Leather Goddesses

Does anyone know where to find downloads of Leather Goddesses and Hitchhiker’s Guide?
I found a site once, but instead of downloading the game, it gave my operating system such a virus I had to have a tech reinstall it.

Those games are still technically owned by Activision, and unfortunately they haven’t released them for free.

There are such sites as abandonware, which are on tricky legal ground. It’s not a secret, so I’m pretty sure I can say here that they exist.

If you got a virus, then maybe you were browsing a “warez” site. Abandonware is legally iffy, but they are usually safe sites. Warez sites are a huge NO-NO.

If you did manage to find the games online - or if you bought them from an Infocom collection - you’d find they have .DAT files, like for instance “leather.dat”, that you can open in most any standard ZMachine interpreter.

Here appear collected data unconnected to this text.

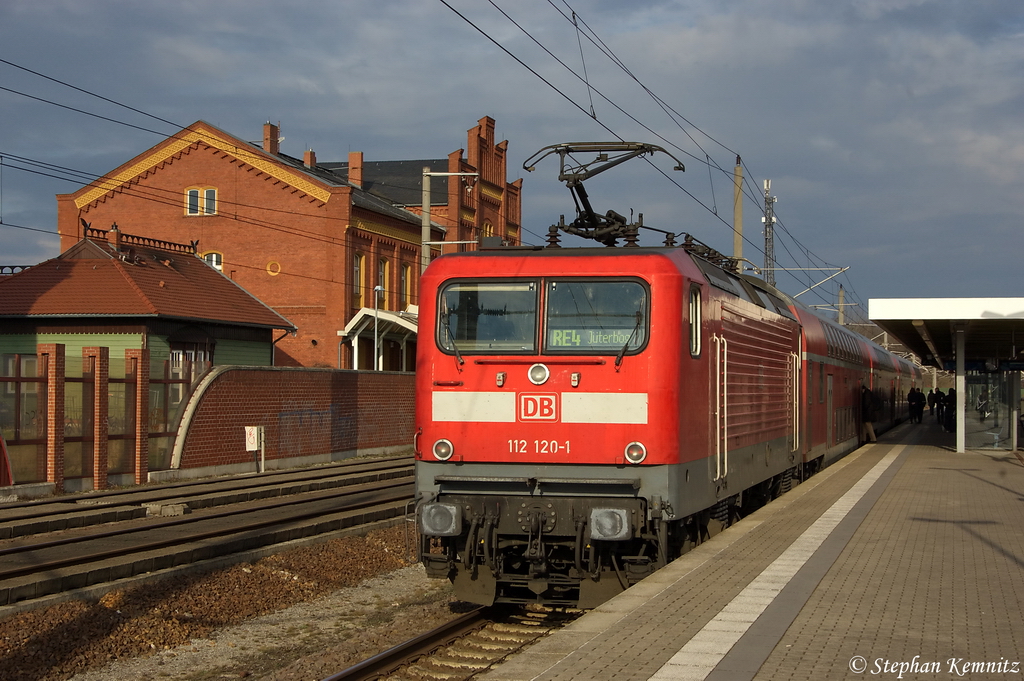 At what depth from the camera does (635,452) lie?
8.59 metres

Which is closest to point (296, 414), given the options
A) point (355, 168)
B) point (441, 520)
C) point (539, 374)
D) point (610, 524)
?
point (441, 520)

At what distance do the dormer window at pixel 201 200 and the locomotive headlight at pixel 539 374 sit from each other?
1426 inches

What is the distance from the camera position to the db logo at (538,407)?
8.79 m

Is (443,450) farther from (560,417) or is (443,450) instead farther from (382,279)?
(382,279)

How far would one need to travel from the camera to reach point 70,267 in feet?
97.6

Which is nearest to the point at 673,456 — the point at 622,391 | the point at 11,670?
the point at 622,391

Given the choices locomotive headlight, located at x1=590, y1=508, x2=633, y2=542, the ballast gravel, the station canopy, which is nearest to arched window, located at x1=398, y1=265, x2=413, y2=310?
the station canopy

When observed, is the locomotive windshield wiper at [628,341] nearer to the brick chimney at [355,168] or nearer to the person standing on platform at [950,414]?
the person standing on platform at [950,414]

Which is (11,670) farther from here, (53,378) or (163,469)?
(163,469)

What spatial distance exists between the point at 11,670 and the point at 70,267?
23.6 metres

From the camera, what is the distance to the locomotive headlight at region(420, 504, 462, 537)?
28.3 ft

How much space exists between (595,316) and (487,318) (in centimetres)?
95

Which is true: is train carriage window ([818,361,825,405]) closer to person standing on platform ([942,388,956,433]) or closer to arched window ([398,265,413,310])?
person standing on platform ([942,388,956,433])

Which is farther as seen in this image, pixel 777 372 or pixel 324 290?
pixel 324 290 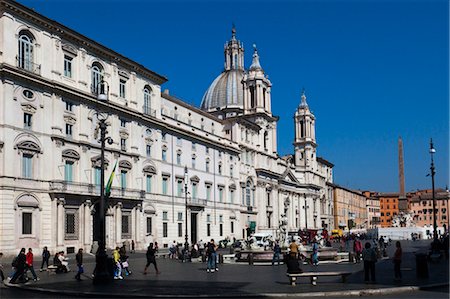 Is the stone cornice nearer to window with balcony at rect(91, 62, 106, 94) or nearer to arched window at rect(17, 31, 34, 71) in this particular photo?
window with balcony at rect(91, 62, 106, 94)

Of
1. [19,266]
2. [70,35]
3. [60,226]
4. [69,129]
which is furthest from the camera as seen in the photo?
[69,129]

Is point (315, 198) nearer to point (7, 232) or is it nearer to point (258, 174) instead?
point (258, 174)

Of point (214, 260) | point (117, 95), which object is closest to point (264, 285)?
point (214, 260)

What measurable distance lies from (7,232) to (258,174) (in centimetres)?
5135

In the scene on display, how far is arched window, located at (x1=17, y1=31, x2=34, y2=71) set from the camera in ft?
145

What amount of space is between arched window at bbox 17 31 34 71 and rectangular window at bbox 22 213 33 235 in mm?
10700

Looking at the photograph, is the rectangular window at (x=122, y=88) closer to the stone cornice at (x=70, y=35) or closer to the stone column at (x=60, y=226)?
the stone cornice at (x=70, y=35)

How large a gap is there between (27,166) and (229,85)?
214 ft

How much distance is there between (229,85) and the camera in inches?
4195

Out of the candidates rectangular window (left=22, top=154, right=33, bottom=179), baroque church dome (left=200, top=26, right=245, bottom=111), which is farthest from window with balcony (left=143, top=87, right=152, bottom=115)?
baroque church dome (left=200, top=26, right=245, bottom=111)

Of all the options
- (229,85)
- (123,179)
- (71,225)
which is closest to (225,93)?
(229,85)

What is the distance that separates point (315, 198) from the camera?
398ft

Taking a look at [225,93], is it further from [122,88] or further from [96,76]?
[96,76]

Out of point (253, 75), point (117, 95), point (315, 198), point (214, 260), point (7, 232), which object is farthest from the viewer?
point (315, 198) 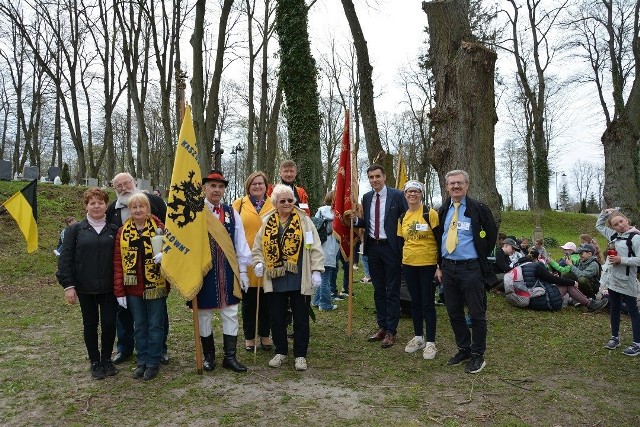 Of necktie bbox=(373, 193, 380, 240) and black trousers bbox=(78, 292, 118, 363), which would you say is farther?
necktie bbox=(373, 193, 380, 240)

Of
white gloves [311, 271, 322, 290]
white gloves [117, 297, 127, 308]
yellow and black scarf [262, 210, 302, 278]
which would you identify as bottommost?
white gloves [117, 297, 127, 308]

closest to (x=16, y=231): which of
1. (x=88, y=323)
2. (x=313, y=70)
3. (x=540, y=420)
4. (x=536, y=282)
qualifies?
(x=313, y=70)

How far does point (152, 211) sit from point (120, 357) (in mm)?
1568

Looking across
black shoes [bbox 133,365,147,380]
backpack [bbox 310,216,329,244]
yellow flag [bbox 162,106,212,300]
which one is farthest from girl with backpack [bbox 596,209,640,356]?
black shoes [bbox 133,365,147,380]

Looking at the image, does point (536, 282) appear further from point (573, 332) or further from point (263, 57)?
point (263, 57)

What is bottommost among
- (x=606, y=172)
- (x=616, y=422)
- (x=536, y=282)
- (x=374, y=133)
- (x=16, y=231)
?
(x=616, y=422)

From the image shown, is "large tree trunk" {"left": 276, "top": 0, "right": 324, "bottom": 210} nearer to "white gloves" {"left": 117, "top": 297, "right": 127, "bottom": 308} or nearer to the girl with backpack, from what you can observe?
"white gloves" {"left": 117, "top": 297, "right": 127, "bottom": 308}

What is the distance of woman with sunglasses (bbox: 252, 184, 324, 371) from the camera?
4.92m

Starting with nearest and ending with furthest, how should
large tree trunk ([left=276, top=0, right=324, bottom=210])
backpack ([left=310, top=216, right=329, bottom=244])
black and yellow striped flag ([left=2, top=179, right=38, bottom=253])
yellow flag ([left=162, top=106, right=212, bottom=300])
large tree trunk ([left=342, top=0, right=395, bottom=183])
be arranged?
yellow flag ([left=162, top=106, right=212, bottom=300])
backpack ([left=310, top=216, right=329, bottom=244])
black and yellow striped flag ([left=2, top=179, right=38, bottom=253])
large tree trunk ([left=276, top=0, right=324, bottom=210])
large tree trunk ([left=342, top=0, right=395, bottom=183])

Draconis: Are you sure? Seems I heard otherwise.

Peter: I downloaded from an abandonware site, and it definitely zapped me.

Yes. Zork 1-3 were released for free at one point, but Activision has never said anything definite about the rest.

Re abandonware virus: Then in my experience you got very, very unlucky. It also depends what you’re looking for. If you’re looking for high-profile games, like a KQ6 CD version, or LSL6 CD version, or Gabriel Knight, then you’re more likely to get fake results and unwanted viruses.

Whereas if you look for games like Deja Vu, or I Damian, or Captain Blood, or BAT, well, those are examples of games pretty much below everyones radar. It’s still legally iffy for you to download them, but compared to the games I mentioned before, pfff.

Anyway, this discussion of abandonware is a bit beside the point - you may find it, you may not. No one will prevent you from looking. But Activision is still actively selling Lost Treasures of Infocom, even on the iOS app store, so you’re definitely trying to freely download something that is currently on the market.

Activision never definitely said that Zork 1-3 could be distributed for free, either. They were downloadable for a limited time.

True. And none of the others (to my knowledge) have ever been officially released for free, except possibly as short scenes in the “samplers”? (I don’t really know anything about those but I’ve read they were created as promos at one point.)

I wonder if the apps on the iOS app store would run on my Dell laptop.

The .dat files would. I don’t have an iOS device so I don’t know how easy they are to extract, but those can then be run on any Z-Machine interpreter.

Thanks.

For Hitchhiker’s Guide, it is freely playable online in a 30th anniversary version on the BBC’s website, so if online works for you, there it is.

It is not hard to extract data files from an iOS app, if you have the app downloaded in iTunes. See osxdaily.com/2011/04/07/extract- … -mac-os-x/ . I just tested this and it works on Activision’s Infocom app (“LT of Infocom 1.0.2.ipa”). The data files are in Payload/infocom.app/Data and have .bin suffixes rather than .dat.

Note that the iOS app uses in-app-purchase – Zork 1 is free to play, the rest of the games can be unlocked for $10 (for the set). Extracting the .bin files lets you bypass the paywall. You could be polite and pay before you do this.

(You should be able to download the app from iTunes without having an iOS device. I guess you’d need an iOS device to pay, though.)

Note that Hitchhiker’s guide to the galaxy is available on IFDB ever since Douglas Adams released it online.

http://ifdb.tads.org/viewgame?id=ouv80gvsl32xlion

That version was archived, and I can’t figure how to get to it.

Just click the “Story File” link. It downloads just fine for me.

Yep, there’s a major culturel difference between warez sites and abandonware. But in my experience, wares sites are not all that much more questionable than any other sources. Both Java and CNET tries to fool you into installing crapware. Lots of “free” software are spyware/crapware-sponsored too. An cd-rom for a tablet PC corrupted my boot sequence. And try to google any major brand together with the phrase “spyware scandal”.